Hak Politik Bonaran Situmeang Dicabut Selama 5 Tahun
A
A
A
JAKARTA - Pengadilan Tinggi (PT) DKI Jakarta memperberat hukuman bagi Raja Bonaran Situmeang, bupati nonaktif Tapanuli Tengah, Sumatera Utara, dengan menambah hukuman pencabutan hak politik selama lima tahun.
Ketetapan itu berdasarkan putusan PT DKI Jakarta Nomor 25/PID/TPK/2015/PT.DKI yang diputuskan pada 19 Agustus 2015. Amar putusan yang diketuai oleh hakim Elang Prakoso Wibowo itu menyebutkan, menghukum Raja Bonaran Situmeang dengan pidana tambahan berupa pencabutan hak memilih dan dipilih pada pemilihan yang dilakukan menurut aturan-aturan umum selama lima tahun setelah menjalani pidana yang dijatuhkan dan berkekuatan hukum tetap.
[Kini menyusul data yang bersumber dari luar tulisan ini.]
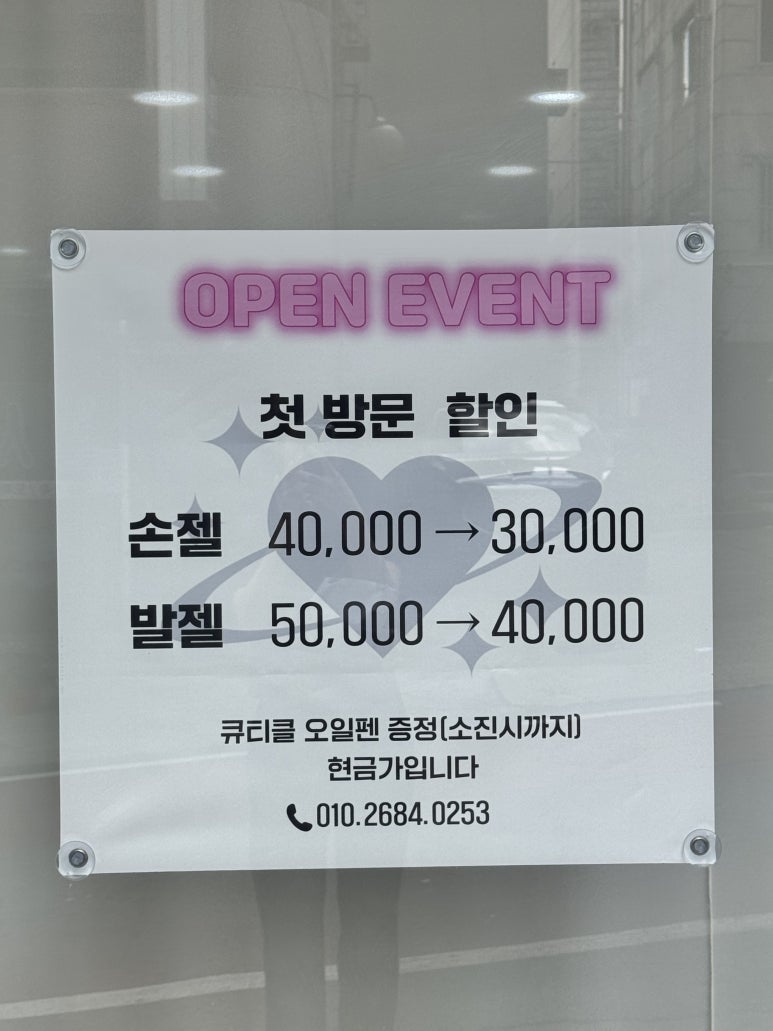 꽁네일 이미지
Putusan lainnya, menetapkan masa penahanan yang telah dijalani oleh terdakwa dikurangkan seluruhnya dari pidana yang telah dijatuhkan dan terdakwa tetap dalam tahanan. Putusan itu mengubah amar putusan Pengadilan Tindak Pidana Korupsi (Tipikor) Jakarta pada Pengadilan Negeri Jakarta Pusat Nomor Nomor 11/Pid.- Sus/ TPK/2015/PN.Jkt.Pst tertanggal 11 Mei 2015. Humas PT DKI Jakarta Muhammad Hatta mengatakan, hukuman penjara dan denda kepada Bonaran tidak mengalami perubahan.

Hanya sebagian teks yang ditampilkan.